▶ Problem statement
Whenever a line contains the string "pink", copy it out of the entries.

▶ Dataset records
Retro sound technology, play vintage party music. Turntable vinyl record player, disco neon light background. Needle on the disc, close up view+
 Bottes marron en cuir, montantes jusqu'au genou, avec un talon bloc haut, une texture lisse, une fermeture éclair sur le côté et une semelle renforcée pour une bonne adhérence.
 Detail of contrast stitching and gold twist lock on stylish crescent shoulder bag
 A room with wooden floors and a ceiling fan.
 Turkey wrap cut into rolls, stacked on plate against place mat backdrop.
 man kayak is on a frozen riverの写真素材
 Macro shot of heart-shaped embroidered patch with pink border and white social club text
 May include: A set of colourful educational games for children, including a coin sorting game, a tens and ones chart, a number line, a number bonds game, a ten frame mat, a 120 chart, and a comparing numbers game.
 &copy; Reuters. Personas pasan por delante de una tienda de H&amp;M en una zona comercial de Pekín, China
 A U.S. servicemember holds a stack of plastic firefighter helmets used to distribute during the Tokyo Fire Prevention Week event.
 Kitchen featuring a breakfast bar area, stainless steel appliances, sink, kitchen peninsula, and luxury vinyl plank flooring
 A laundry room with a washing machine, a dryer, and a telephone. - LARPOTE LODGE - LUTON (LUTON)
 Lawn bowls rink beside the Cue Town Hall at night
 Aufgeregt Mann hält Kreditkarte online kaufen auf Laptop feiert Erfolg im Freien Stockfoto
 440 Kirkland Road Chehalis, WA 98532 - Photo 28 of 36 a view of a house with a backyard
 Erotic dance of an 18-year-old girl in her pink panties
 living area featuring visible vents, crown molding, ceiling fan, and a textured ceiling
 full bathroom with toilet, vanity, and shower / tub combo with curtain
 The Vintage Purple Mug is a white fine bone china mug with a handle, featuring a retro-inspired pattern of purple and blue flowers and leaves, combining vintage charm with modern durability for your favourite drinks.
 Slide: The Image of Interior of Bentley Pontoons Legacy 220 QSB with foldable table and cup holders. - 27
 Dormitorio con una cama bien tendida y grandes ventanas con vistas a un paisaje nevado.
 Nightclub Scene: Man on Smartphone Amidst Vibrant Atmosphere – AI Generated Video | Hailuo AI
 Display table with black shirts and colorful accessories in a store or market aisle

▶ Response box
 Macro shot of heart-shaped embroidered patch with pink border and white social club text
 Erotic dance of an 18-year-old girl in her pink panties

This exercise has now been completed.